When Andrea Goethals wants to escape the demands of her software engineering work at Harvard University library, she heads to the mountains of Maine. But not for pampered leisure. She and her husband volunteer with the Appalachian Mountain Club, maintaining a trail they’ve both adopted. They purge debris, drain water and remove massive obstacles. On a recent weekend they cleared 16 fallen trees.
Even though Goethals’ trail preservation work is as physically difficult as her digital preservation work is mentally difficult, her intention for both is the same: creating access and utility. It’s a theme that threads through her career.
Goethals, digital preservation and repository services manager at the Harvard University library, studied architecture as an undergraduate. For awhile, she worked in sustainable construction, planning for the long-term usefulness of buildings by considering their social, economic and environmental implications. Her interest shifted to urban and regional planning and, while studying at the University of Florida, she had to use their Geographic Information Systems lab. “That was my first introduction to using technology to solve human problems,” she said. “And from there I was drawn more and more towards technology.”
She credits being in the right place at the right time for her landing a job at the Florida Center for Library Automation. The initial job interview was also a pivotal career event for her. Goethals said, “The interview become a brainstorming session and I learned about the problems of digital preservation and obsolete formats. I found something I could apply my skills and interests to.”
She analyzed file formats and created action plans for FCLA’s Florida Digital Archive. Meanwhile, the Library of Congress was assessing formats and defining format criteria. She said that other institutions were researching formats as well. “But there weren’t a lot of actual practical plans being made around formats at that time,” said Goethals. “It was more theoretical.” She also helped design and develop FCLA’s repository software, called Dark Archives In The Sunshine State or DAITSS , which helped prepare her for her next great challenge.
In 2005, Goethals accepted a position at Harvard University’s Office for Information Systems, a core division of the Harvard library that provides technology for the central catalog, eResources, main preservation repository and more.
Her first major project with OIS was working on the Digital Repository Service. The basic framework was the same as Florida’s DAITSS, so DRS wasn’t a huge skill leap for Goethals. But the content was modeled differently from DAITSS, so it was an opportunity for her to learn more about digital preservation and content modeling from a different perspective.

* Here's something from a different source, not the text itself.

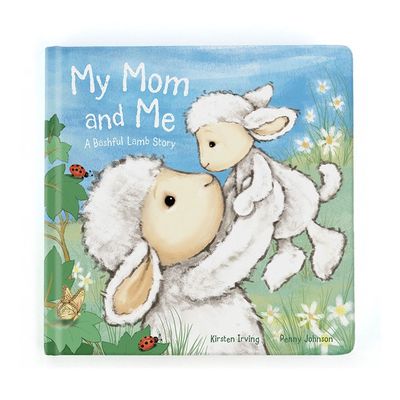 Jellycat My Mom and Me Bashful Lamb board book displayed on white background, showing soft plush lamb character and colorful pages designed for newborns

By the time Goethals got to Harvard though, DRS was straining with age and OIS was planning the next version, DRS 2. Her challenge was daunting: migrating not just files but an entire repository system.
Goethals and her team spent the rest of the decade planning DRS 2, which they expect to be ready in 2012. “This version has a lot more collection management and preservation functions than the original,” she said. “The underlying data model has changed a lot from DRS. Almost all of our metadata schemas have changed and the way we package metadata has changed completely.”
She is also concerned about — and preparing for — how the change will affect DRS’s users. “We’re kind of migrating the people in their understanding of the content too,” said Goethals. So, to ease the transition, OIS is planning for the DRS 2 rollout and for helping collection managers at the university understand how to use it.
Harvard has several repositories dedicated to specific purposes. But a lot of other valuable content is drifting loose around the university, such as faculty research, student work and drives full of unprocessed data. Much of it is on unstable media or in danger of being lost during a move. So Goethals is a co-creator of Zone 1, a catch-all “rescue repository” for homeless content. To enable access by a wide range of users, Zone 1 will deliberately be easy to use and will require only a small bit of metadata. Zone 1 users could evaluate the content and have it moved to the appropriate long-term preservation repository.
Goethals also worked on the Global Digital Format Registry and the more-inclusive Unified Digital Format Registry. The UDFR came about after OIS completed the GDFR prototype and did some needs assessment among digital preservationists worldwide. The U.K. National Archives had already developed a format registry, PRONOM, which was already in wide usage. The community of PRONOM users was also interested in the GDFR but they didn’t want to deal with multiple registries. So Harvard and the U.K. National Archives combined their efforts, with some help from the Library of Congress and NARA, and merged the GDFR and PRONOM into a single, shared international formats registry: the UDFR. It is being developed by NDIIPP and NDSA partner the California Digital Library and is expected to be ready in January, 2012.
Her digital preservation works extends to websites. Goethals helped create Harvard’s Web Archive Collection Service (WAX), which features browsable public collections and archives of Harvard’s vast website. OIS does its own crawls using Heritrix, though in the future some collections will be crawled by third parties.
Goethals represents Harvard University in the International Internet Preservation Coalition and she is part of the IIPC’s Preservation Working Group. One of the tools the group is working on will help users analyze website preservation risks and compare that information with how other institutions assess risk. Users can learn from each other and refine the tool accordingly.
She has other major projects in the works, but she ruminates about all of her projects collectively as if they were modules in a larger system, just as an architect ponders a building’s structure, exterior and functions simultaneously. She constantly mulls over how to make all the pieces of digital preservation work together. “How do we interconnect all these tools, the format registries, the format identification tools, the migration tools that we need?,” she said. “How do we build the infrastructure?”
Someday, on a remote mountain trail in Maine, Goethals will have an “Aha!” moment and the digital preservation community will be better for it.